Ambrose's corner, arced into the six-yard box, should have been cleared but Friedel – perhaps put off by Clint Hill's spring at the near-post – found himself boxed in by Stephen Warnock and Alan Lee for the unchallenged Johannes Ertl to nod into a gaping net in the 24th minute. The Austria international, a bit-part player in his 18 months to date at this club, had never previously scored for Palace. This seemed a timely moment to break that duck, with Ambrose's deflected free-kick later ­stinging Friedel's hands.

By then, the scores had been level for a long while. The home side had dared to dream for a little over 10 minutes before their desperate frailty at set-pieces was exposed and exploited.

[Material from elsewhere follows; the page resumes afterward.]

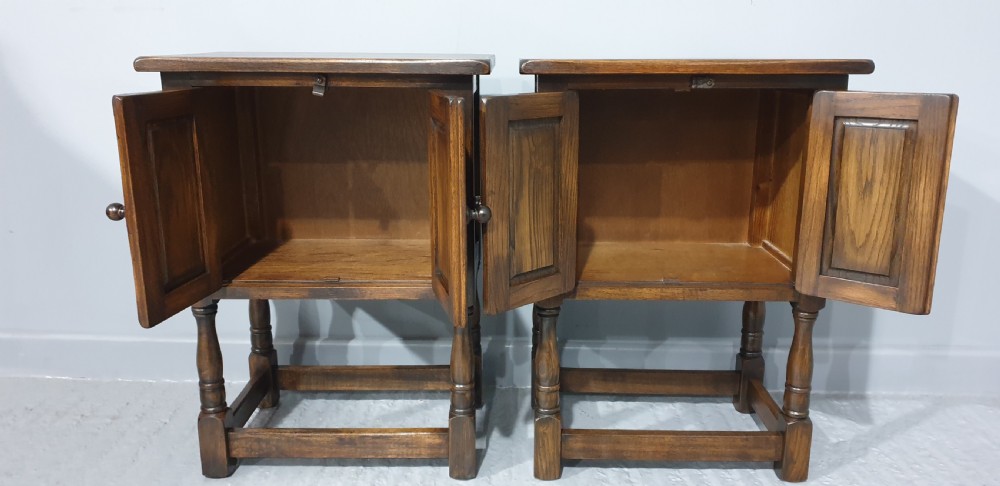 Pair Oak Bedside Cabinets View IV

Warnock may have been unimpressed at the award of a free-kick near the right-hand touchline, though there was even less to appreciate in the manner James Collins strolled away from Hill and flicked a fine header through Speroni at his near post.

Petrov and Emile Heskey, the latter horribly wastefully, should have eased the visitors ahead from similar free-kick deliveries with Palace vulnerable. The England striker was replaced by John Carew at the interval, the Norwegian immediately forced Speroni to turn away a snapshot after edging free of Davis. Yet Villa's pressure was only ever sporadic, with the hosts' industry always offering hope of a riposte. When it came, courtesy of Ambrose's blistering effort, it was stunning, though Villa would not submit.